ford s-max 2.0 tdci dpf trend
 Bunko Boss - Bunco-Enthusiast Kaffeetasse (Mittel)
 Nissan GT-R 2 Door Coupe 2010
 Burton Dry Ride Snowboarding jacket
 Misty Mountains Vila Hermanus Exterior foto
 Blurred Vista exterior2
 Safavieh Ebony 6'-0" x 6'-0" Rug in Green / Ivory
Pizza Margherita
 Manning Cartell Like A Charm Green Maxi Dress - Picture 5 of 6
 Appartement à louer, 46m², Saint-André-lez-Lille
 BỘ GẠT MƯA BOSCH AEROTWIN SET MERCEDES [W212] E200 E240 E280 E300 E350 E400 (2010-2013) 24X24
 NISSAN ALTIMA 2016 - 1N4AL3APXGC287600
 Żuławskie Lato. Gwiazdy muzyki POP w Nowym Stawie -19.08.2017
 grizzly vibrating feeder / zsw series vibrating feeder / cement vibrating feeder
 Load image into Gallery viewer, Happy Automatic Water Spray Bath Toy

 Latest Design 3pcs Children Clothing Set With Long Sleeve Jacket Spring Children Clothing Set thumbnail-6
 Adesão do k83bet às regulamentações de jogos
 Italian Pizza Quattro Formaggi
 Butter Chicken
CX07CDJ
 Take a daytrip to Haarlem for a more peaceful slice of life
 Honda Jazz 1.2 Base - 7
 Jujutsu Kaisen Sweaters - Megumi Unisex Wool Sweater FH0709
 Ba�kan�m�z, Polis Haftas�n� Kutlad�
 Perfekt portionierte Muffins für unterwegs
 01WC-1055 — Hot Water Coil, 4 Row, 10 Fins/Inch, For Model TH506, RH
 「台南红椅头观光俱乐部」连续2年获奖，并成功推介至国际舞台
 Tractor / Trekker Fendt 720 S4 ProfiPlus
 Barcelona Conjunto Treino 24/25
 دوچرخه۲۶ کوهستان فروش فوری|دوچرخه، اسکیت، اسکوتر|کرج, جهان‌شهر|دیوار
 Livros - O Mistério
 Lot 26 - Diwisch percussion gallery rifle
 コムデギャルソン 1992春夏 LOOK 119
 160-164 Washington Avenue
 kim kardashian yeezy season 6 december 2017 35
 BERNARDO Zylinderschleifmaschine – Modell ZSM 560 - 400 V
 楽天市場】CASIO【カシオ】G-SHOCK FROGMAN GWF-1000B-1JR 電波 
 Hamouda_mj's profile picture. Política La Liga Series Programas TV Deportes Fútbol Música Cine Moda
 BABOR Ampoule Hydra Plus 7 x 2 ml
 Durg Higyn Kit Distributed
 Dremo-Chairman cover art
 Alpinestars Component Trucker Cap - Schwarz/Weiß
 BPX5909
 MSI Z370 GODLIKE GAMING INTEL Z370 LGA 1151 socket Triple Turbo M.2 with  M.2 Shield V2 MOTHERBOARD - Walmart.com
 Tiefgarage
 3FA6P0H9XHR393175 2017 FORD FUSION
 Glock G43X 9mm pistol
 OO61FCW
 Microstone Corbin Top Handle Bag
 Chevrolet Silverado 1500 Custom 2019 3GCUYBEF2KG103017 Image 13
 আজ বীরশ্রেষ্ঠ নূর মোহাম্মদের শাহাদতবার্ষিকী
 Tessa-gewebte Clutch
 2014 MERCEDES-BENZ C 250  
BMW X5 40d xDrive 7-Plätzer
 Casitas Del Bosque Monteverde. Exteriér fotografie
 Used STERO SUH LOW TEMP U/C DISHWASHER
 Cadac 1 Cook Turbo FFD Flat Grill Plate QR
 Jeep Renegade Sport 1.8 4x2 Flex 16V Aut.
※
Activity:
Return only the stretch of the material above from the line holding "Latest Design 3pcs" through the line holding "Tractor / Trekker Fendt 720 S4 ProfiPlus", copied exactly.

Result of the task:
 Latest Design 3pcs Children Clothing Set With Long Sleeve Jacket Spring Children Clothing Set thumbnail-6
 Adesão do k83bet às regulamentações de jogos
 Italian Pizza Quattro Formaggi
 Butter Chicken
CX07CDJ
 Take a daytrip to Haarlem for a more peaceful slice of life
 Honda Jazz 1.2 Base - 7
 Jujutsu Kaisen Sweaters - Megumi Unisex Wool Sweater FH0709
 Ba�kan�m�z, Polis Haftas�n� Kutlad�
 Perfekt portionierte Muffins für unterwegs
 01WC-1055 — Hot Water Coil, 4 Row, 10 Fins/Inch, For Model TH506, RH
 「台南红椅头观光俱乐部」连续2年获奖，并成功推介至国际舞台
 Tractor / Trekker Fendt 720 S4 ProfiPlus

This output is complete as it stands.